By Ligaya Mishan
AN ALTAR IS a sacred space, but you can make one anywhere, out of anything; out of what you’re given. On Dec. 5, a small group gathered in downtown Springdale, Ark., to line the cement steps of a public square with Our Lady of Guadalupe candles, chrysanthemums and white cards bearing the handwritten names of local poultry workers who had died of Covid-19. Under each name was the legend “¡Presente!” (“Here!”) at once invocation and exhortation, used in Latin America to proclaim the continuing presence of the dead among us, particularly victims of oppression. White helmets were set beside the cards, and blue vinyl aprons hung from the railings: part of the uniform the workers once wore as they stood shoulder to shoulder, breaking down up to 175 birds a minute even as the pandemic raged, in a city dominated by chicken and turkey plants and decreed by the state to be the Poultry Capital of the World.
For months, the worker-based organization Venceremos (We Will Win), which arranged the vigil, had fought for protective equipment and staggered shifts at the plants to decrease the risk of exposure to the virus. (By the end of May alone, more than 16,000 poultry- and meat-processing workers across the country had been infected, according to the Centers for Disease Control and Prevention.) “You were in the hurricane, just surviving,” says Magaly Licolli, 38, Venceremos’s Mexican-born executive director. “And suddenly you start counting the deaths.” The people whose names were inscribed on the cards had died because they were “essential workers,” as the government calls them now: essential, which implies value, but in this case there was neither esteem nor reward, only coercion.
Yet for a number of Americans, the phrase “essential workers,” with its heroic overtones, has revealed for the first time something of the long-ignored lives of the farmers, meat processors and grocery store employees without whom there would be no food on our tables. “Covid has illuminated for a broader public that we have a food system,” says Navina Khanna, 40, the executive director of HEAL (Health, Environment, Agriculture and Labor) Food Alliance, who lives in Oakland, Calif. This is in part because business leaders stoked fears of empty supermarket shelves, warning in the early days of the crisis that lockdowns might jeopardize the food supply. (In the blunt equation of capitalist production, the workers are worth less than the chickens they are processing.) Tyson Foods, headquartered in Springdale and the nation’s largest meat processor — in 2020, it reaped $43.2 billion in sales, $800 million more than the previous, non-pandemic year — took out a full-page ad in major newspapers in April. “We have a responsibility to feed our country,” John Tyson, the chairman of the board, wrote. “It is as essential as health care.”
Taken alone, it was a radical statement from a corporate titan. For years, social reformers have been pointing to the dangers of a food system focused narrowly on profit. To treat food as a commodity rather than a necessity is to accept that there will always be people who can’t afford it and must go hungry.
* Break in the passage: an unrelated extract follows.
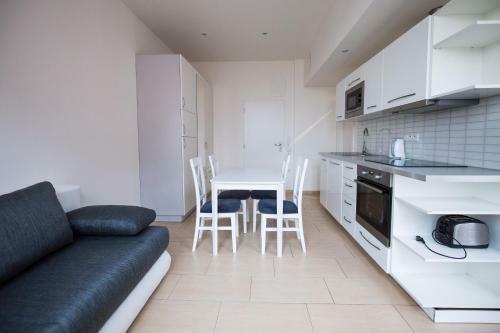 Apartments Kope?n� With Parking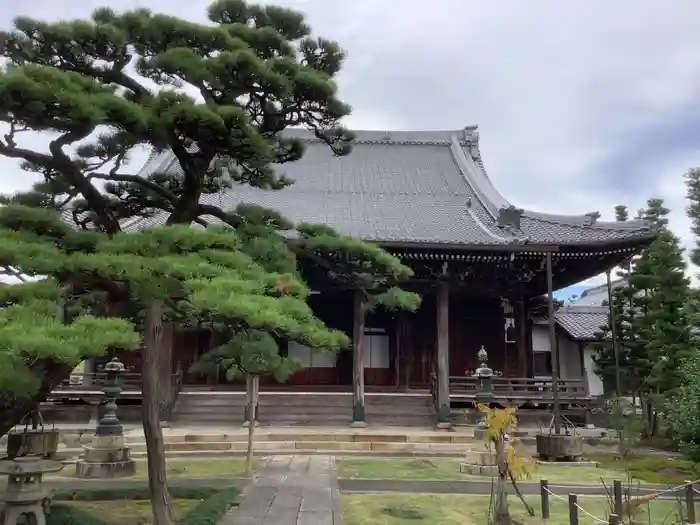 瀬辺了泉寺の本殿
Feeding America, a Chicago-based nonprofit network of food banks, estimates that in the past year roughly 50 million people, one in every six Americans, lacked reliable access to food — witness the 60 percent rise in demand at food banks across the country, with lines sometimes stretching for miles, and the dramatic increase in shoplifting of staples like bread — but even before the pandemic, that number was already 35 million, yet few companies were insisting on the importance of feeding the country. Nor were people turning to food banks in 2020 because of shortages: After the president issued an executive order in April to keep meat-processing plants open, ostensibly to “ensure a continued supply of protein for Americans,” levels of production allowed top companies to export hundreds of thousands of tons (and billions of dollars) of meat abroad.